For the purposes of this chapter, a minor child shall be deemed to have resided in the state during any period in which such child has been physically present in the state.

SEC. 123.

 Section 14140 of the Welfare and Institutions Code is amended to read:

14140.
 The following definitions shall apply to the provisions of this article:
(a) “Net worth” means:
(1) Personal property, which consists of cash, savings accounts, securities, and similar items; notes, mortgages, and deeds of trust; the cash surrender value of life insurance on the life of the applicant or beneficiary, on the life of the spouse, or any member of the family, except as provided in Section 11158; motor vehicles, except one which meets the transportation needs of the person or family; any other property or equity other than real estate, except that property specified in subdivisions (1), (2), and (3) of Section 11155.
(2) Real property, including any interest in land of more than nominal interest which does not constitute the home of the applicant for aid under this chapter. The home of the applicant shall be exempt from consideration as net worth under this section to the extent of ten thousand dollars ($10,000) in assessed valuation, as assessed by the county assessor.
(3) “Income” which consists of the sum of adjusted gross income as used for purposes of the Federal Income Tax Law.
(b) “Family unit” means:
(1) In the case of a patient who is not married or in a registered domestic partnership and is under 21 years of age living with his or her parent or parents, the patient and his or her parents.
(2) In the case of a patient who is married or in a registered domestic partnership and is under 21 years of age, the patient and his or her spouse.
(3) In the case of a patient over 21 years of age, the patient, and if married or in a registered domestic partnership, the patient’s spouse.

SEC. 124.

 Section 18291 of the Welfare and Institutions Code is amended to read:

18291.
 For purposes of this chapter:
(a) “Domestic violence” means abuse committed against an adult or a minor who is a spouse, former spouse, cohabitant, former cohabitant, or person with whom the suspect has had a child or is having or has had a dating or engagement relationship.
(b) “Cohabitant” means two unrelated adult persons living together for a substantial period of time, resulting in some permanency of relationship.

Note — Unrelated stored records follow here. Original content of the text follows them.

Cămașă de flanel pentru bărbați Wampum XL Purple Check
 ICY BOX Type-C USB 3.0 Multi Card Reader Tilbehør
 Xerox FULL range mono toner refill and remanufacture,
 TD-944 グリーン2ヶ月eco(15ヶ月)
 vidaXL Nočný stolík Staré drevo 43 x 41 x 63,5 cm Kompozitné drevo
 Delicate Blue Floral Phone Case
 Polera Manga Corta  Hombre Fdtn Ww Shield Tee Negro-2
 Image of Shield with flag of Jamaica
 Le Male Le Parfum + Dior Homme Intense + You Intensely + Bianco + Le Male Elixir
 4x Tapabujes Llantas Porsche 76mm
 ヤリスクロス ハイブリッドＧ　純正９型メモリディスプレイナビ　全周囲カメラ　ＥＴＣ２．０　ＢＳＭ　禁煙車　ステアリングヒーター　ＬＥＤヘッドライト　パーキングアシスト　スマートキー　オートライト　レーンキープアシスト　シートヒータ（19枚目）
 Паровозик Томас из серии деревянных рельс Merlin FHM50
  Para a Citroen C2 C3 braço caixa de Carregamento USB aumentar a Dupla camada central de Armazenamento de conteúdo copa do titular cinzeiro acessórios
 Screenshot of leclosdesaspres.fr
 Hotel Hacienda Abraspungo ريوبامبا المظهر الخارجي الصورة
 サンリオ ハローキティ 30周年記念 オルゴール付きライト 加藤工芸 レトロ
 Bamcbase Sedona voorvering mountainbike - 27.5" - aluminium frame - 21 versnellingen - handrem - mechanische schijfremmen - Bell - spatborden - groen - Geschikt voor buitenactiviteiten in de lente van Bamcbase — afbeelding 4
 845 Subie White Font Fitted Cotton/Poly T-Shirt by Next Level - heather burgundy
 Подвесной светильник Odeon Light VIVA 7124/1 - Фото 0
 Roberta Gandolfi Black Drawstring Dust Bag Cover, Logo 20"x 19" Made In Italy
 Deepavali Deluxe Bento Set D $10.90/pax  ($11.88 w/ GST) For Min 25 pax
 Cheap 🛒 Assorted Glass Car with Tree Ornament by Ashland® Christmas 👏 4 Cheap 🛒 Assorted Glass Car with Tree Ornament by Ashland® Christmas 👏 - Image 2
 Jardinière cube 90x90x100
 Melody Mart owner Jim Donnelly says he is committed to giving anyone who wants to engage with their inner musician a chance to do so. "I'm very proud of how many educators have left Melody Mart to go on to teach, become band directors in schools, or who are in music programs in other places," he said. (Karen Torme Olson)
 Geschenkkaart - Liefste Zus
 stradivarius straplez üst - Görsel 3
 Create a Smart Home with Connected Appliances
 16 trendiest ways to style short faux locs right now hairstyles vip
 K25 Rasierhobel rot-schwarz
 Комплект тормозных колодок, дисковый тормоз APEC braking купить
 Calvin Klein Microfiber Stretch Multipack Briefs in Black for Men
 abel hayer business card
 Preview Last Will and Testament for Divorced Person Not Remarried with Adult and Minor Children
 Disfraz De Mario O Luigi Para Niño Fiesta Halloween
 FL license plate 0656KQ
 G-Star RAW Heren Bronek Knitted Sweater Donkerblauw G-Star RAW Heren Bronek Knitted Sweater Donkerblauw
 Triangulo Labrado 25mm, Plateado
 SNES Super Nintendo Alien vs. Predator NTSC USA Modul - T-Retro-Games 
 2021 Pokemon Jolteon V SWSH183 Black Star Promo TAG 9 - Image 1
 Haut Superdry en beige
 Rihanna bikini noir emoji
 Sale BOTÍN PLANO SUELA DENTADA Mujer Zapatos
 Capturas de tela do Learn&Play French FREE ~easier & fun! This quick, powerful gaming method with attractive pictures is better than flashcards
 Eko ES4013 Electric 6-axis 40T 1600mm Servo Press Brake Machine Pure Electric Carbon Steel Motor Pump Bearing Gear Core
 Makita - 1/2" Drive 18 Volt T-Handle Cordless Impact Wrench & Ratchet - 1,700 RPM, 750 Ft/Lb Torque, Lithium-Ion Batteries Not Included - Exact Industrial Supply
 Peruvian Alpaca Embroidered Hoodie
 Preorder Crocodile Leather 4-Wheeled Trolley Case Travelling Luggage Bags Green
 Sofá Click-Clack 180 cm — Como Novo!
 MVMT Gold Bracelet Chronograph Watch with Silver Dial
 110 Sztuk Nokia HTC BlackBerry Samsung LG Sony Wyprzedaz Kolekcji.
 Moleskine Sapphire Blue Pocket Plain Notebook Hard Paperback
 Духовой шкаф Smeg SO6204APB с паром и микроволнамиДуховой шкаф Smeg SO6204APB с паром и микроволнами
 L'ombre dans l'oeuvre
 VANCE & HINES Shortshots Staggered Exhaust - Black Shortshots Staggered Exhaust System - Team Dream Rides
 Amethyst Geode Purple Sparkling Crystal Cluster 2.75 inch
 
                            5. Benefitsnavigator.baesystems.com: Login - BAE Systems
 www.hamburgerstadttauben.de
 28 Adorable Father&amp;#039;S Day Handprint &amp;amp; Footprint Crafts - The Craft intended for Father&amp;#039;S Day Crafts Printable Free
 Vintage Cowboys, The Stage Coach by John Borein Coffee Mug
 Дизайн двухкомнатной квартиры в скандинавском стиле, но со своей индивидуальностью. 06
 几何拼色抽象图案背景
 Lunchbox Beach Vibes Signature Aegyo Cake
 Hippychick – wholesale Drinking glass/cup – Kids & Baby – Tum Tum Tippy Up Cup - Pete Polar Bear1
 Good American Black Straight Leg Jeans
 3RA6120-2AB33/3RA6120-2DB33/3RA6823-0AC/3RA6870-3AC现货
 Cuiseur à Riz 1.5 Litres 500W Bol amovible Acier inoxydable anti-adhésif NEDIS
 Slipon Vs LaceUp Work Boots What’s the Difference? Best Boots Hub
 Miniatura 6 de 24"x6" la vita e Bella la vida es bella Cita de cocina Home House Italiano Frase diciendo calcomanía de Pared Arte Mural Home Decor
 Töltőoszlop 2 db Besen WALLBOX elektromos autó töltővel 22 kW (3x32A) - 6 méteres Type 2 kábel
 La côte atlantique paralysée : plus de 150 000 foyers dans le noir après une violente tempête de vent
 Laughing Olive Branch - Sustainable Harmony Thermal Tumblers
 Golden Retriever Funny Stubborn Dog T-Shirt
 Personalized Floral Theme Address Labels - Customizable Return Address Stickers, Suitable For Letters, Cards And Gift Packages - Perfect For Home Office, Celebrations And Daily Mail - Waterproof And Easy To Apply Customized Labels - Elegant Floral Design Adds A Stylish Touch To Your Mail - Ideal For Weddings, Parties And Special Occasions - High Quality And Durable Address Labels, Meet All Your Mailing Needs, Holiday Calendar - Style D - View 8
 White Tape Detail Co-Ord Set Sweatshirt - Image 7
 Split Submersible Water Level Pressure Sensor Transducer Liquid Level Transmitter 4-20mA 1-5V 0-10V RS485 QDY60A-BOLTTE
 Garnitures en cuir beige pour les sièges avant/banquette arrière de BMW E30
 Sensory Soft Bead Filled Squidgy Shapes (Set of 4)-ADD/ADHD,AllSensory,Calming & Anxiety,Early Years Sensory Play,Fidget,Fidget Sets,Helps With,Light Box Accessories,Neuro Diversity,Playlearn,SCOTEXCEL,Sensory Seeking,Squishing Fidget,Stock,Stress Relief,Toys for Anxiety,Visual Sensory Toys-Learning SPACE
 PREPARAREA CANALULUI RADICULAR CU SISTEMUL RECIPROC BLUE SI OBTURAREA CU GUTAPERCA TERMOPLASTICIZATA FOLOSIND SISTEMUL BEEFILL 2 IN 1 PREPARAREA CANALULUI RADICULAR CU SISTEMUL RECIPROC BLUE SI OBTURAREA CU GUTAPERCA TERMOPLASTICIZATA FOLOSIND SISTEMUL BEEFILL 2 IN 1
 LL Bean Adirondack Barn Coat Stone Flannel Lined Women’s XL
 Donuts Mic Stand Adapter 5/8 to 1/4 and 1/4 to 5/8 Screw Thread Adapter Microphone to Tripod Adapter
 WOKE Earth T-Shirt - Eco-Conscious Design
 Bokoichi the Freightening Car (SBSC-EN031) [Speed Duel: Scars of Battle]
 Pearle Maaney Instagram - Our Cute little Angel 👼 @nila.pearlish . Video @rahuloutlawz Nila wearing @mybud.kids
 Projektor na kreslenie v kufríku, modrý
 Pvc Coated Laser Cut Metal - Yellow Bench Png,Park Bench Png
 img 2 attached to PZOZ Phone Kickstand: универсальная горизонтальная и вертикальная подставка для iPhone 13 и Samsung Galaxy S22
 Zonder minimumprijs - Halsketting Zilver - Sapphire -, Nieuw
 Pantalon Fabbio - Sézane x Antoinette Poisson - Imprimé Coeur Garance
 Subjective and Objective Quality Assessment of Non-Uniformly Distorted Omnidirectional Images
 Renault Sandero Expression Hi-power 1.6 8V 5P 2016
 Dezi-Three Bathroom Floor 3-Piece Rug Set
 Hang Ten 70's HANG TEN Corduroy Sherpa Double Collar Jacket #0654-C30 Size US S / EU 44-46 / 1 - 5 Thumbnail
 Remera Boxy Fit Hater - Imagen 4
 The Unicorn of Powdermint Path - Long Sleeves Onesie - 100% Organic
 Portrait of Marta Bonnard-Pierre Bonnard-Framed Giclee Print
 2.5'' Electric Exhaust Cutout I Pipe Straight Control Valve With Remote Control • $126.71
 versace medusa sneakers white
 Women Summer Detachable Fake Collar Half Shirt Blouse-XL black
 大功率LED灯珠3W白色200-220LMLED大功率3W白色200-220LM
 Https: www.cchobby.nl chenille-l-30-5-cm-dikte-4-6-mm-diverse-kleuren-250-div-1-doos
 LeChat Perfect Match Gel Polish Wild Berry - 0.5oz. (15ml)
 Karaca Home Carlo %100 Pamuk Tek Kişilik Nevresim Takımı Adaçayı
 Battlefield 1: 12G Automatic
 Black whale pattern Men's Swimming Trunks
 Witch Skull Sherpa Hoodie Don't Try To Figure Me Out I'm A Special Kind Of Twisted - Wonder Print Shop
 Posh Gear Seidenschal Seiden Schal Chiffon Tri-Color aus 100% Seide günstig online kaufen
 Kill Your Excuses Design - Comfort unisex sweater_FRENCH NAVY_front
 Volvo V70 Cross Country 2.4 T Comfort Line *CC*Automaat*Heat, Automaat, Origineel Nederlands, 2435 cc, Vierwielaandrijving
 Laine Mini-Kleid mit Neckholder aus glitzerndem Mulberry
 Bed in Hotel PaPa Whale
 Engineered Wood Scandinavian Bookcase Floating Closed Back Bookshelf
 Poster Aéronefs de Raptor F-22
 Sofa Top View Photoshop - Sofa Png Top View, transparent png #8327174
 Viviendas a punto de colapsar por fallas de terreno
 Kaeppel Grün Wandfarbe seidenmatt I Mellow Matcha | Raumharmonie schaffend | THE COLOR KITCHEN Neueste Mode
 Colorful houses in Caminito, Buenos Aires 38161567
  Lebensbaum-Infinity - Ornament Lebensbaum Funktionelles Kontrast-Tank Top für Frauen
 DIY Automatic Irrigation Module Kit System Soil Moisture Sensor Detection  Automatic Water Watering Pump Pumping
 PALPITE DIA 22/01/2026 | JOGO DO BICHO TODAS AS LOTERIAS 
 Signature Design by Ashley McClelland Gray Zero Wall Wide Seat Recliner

Factors that may determine whether persons are cohabiting include, but are not limited to, all of the following:
(1) Sexual relations between the parties while sharing the same living quarters.
(2) Sharing of income or expenses.
(3) Joint use or ownership of property.
(4) Whether the parties hold themselves out as spouses.
(5) The continuity of the relationship.
(6) The length of the relationship.
(c) “Domestic violence shelter” means a shelter for domestic violence victims that meets all of the following requirements:
(1) Provides shelter in an undisclosed and secured location.
(2) Provides staff that meet the requirements set forth in Section 1037.1 of the Evidence Code.
(3) Meets the requirements set forth in Section 18294.
(d) “Undisclosed” means a location that is not advertised or publicized.

SEC. 125.

 It is the intent of the Legislature that the changes made by this act have only technical and nonsubstantive effect. Hence, no change made by this act shall create any new right, duty, or other obligation that did not exist immediately preceding the effective date of this act, or result in the limitation or termination of any right, duty, or other obligation that existed immediately preceding the effective date of this act.

SEC. 126.

 Any section of any act, except for Senate Bill 1171, enacted by the Legislature during the 2016 calendar year that takes effect on or before January 1, 2017, and that amends, amends and renumbers, adds, repeals and adds, or repeals a section that is amended, amended and renumbered, added, repealed and added, or repealed by this act, shall prevail over this act, whether that act is enacted prior to, or subsequent to, the enactment of this act.